Maggiari, who teaches Italian language and literature at the local university, and where he organizes highly regarded festivals of Italian poetry, is a man who is not averse to a process of exploratory courage himself. His study of such hermetic poets as Alfonso Gatto and Leonardo Sinisgalli, as well as his critical study of the poetry of Arturo Onofri, is known in both the US and Italy, as well as in South Africa. And Maggiari, who's been publishing books of his own poetry since 1999, writing principally in Italian, has worked on translations from such languages as Egyptian and Finnish.

In this volume -- faithfully translated by Laura Stortoni, to my rough reckoning of Italian to English anyhow -- Maggiari attempts to answer a question posed in his own introduction: "What are the borders of our Terra Incognita?"

The author answers his own question in the introduction -- and in his poetry -- variously. Despite the possibilities of 21st century communication technology every land, asserts Maggiari, is unknown to a human until he or she -- in the psychological realm -- 'crosses it and explores it with his gaze."

Appropriately, Aurora Borealis, a collection finished just one year after winning the prestigious Alighiero Chiusano poetry award from the City of Frascati, Italy, is informed with the language of Inuit incantatory song, yet retains a European soulfulness and spiritual potency that captures the reader.

"Wind, you who rise/dreams from the mountains,/breathe love and song/on the celestial bulwarks" intones Maggiari in his poem "Amundsen's Paean." Adopting the voice of Amundsen himself, he reverently inscribes line after line of prayer to Nature and the Human Spirit: "Protect my sky/my constellations/and their unborn stars./ Defend my fjord/and the scattered tribes/of the She-Bear's Hunters."

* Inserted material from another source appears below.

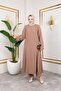 İnci Detailed Hijab Double Suit Vision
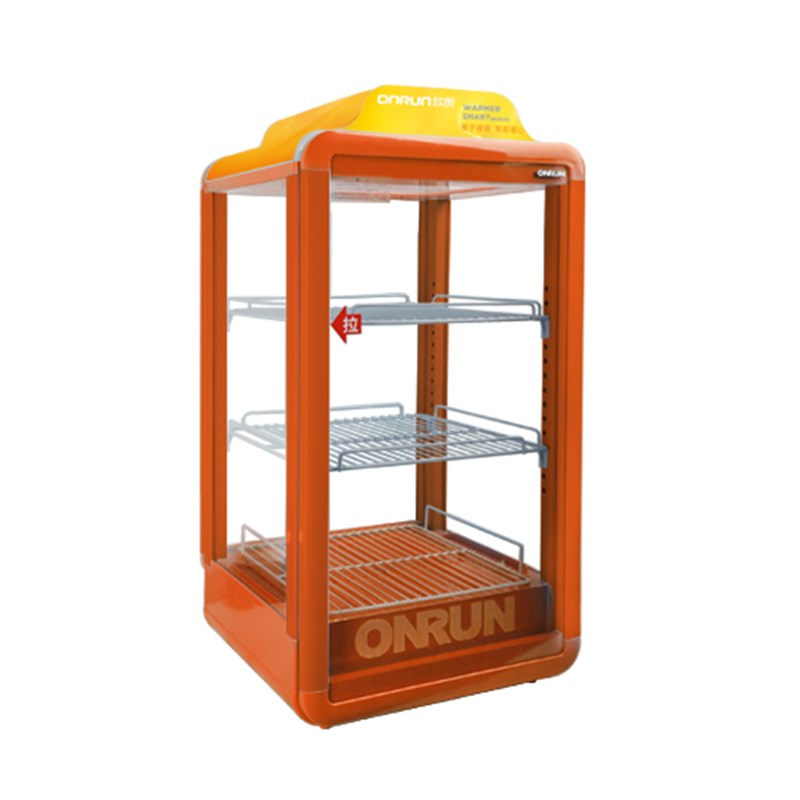 商用热饮展示柜牛奶咖啡加热柜热饮柜超市便利店热饮机热罐机暖柜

The flavor is decidedly Inuit, with Scandinavian undertones. Here's another example: "Listen, brother Nuntak./Listen to the voices of day/as they glide on blue liquid/breaking prow and kayak./They harp on silver and wave/and pass by near us, on our hearts."

When he transcends the historiographic, Maggiari's language can be quite compelling, as in "The Iceberg."

Distant, distant at the horizon
the enchanted mountain arises
on the silhouettes of winged lands.
Like a sailing white moth
at the edges of the North-West passage
it surfaces on the oblique winds of the waters.

And this:

You polar ice
fountain garden immortal face mountain pine
etcher of a thousand souls
you dwelling on the five-colored dragon.
Wild daimon

unknown
stellar
destiny.

Massimo Maggiari is nothing if not a scholarly figure, if this book is any indication -- the poems are footnoted to the point that the reader may orient to the topic without having to be an Edmunsen expert, eschewing the deliberate obfuscatory elitism of some other writers in the historic-biographical, psychological genre. Instead we are permitted to gain a snapshot insight into the situations and personalities of Edmunsen's story, and then roll right into the mystic.

"The mythic theme in this book is enthralling," writes Jorge Marban in his postscript. "It introduces the reader to a world of magic and beauty, and to a quest that sympbolizes man's inspiration to conquer his limits and ascend in unison with the spiritual forces of the Universe."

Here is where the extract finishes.